Knutsen NYK Offshore Tankers AS
Signature:/s/ Trygve Seglem
Name/Title:Trygve Seglem / President and Chief Executive Officer
Date:06/16/2026
NYK Holding (Europe) B.V.
Signature:/s/ Kotaro Okuni
Name/Title:Kotaro Okuni / Director
Date:06/16/2026
Nippon Yusen Kabushiki Kaisha
Signature:/s/ Hironobu Watanabe
Name/Title:Hironobu Watanabe / Senior Managing Executive Officer
Date:06/16/2026
TS Shipping Invest AS
Signature:/s/ Trygve Seglem
Name/Title:Trygve Seglem / President and Chief Executive Officer
Date:06/16/2026
Seglem Holding AS
Signature:/s/ Trygve Seglem
Name/Title:Trygve Seglem / Chairman, President and Chief Executive Officer
Date:06/16/2026
Seglem Trygve
Signature:/s/ Trygve Seglem
Name/Title:Trygve Seglem
Date:06/16/2026

FAQ

How many KNOT Offshore Partners (KNOP) units do the reporting persons beneficially own?

The reporting group beneficially owns 11,501,486 common units of KNOT Offshore Partners LP, representing 32.5% of the common units outstanding as of March 31, 2026. This total includes units issuable from Series A Preferred Units held by the group.

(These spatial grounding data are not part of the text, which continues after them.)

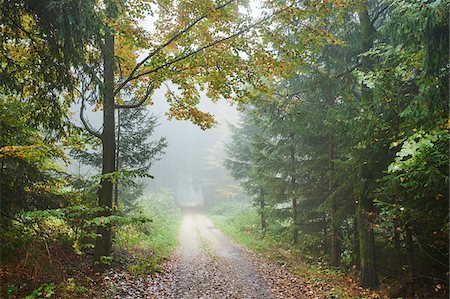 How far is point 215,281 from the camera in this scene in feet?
31.8

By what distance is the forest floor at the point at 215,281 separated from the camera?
8156mm

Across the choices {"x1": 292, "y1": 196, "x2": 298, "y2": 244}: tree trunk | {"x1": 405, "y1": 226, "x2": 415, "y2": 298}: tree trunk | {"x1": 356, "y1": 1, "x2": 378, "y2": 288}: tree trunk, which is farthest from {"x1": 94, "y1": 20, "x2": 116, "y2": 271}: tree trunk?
{"x1": 292, "y1": 196, "x2": 298, "y2": 244}: tree trunk

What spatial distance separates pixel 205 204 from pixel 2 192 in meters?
55.4

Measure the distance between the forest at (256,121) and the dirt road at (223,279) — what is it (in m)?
0.09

What Series A Preferred Units transaction is disclosed for KNOP?

On June 15, 2026, Knutsen NYK Offshore Tankers AS bought 1,250,000 Series A Preferred Units of KNOT Offshore Partners LP from Pierfront Capital at $20.00 per unit, paying $25.0 million in cash using available cash on hand.

How do the Series A Preferred Units affect KNOP common unit ownership?

The group holds 1,458,333 Series A Preferred Units, convertible into 1,749,862 common units as of March 31, 2026. These convertible units are included in both the numerator and denominator when calculating the 32.5% beneficial ownership of KNOT Offshore Partners LP common units.

What governance influence do the reporting persons have at KNOT Offshore Partners LP (KNOP)?

Knutsen NYK Offshore Tankers AS owns 100% of the general partner of KNOT Offshore Partners LP and can designate its board. The general partner appoints three of seven partnership directors, giving the reporting group significant influence over the partnership’s management and policies.

What are KNOP’s Class B Units and how many remain outstanding?

Class B Units are limited partner interests that receive distributions only when common unitholders receive at least $0.52 per quarter. They convert to common units as this threshold is met. Of 673,080 Class B Units originally issued, 252,405 remained outstanding as of March 31, 2026.

What limited call right exists under the KNOT Offshore Partners LP (KNOP) partnership agreement?

If the general partner and its affiliates ever own more than 80% of outstanding common units, the general partner may buy all remaining common units. The purchase price equals the greater of a 20-day average closing price or the highest price paid by the general partner or affiliates in the prior 90 days.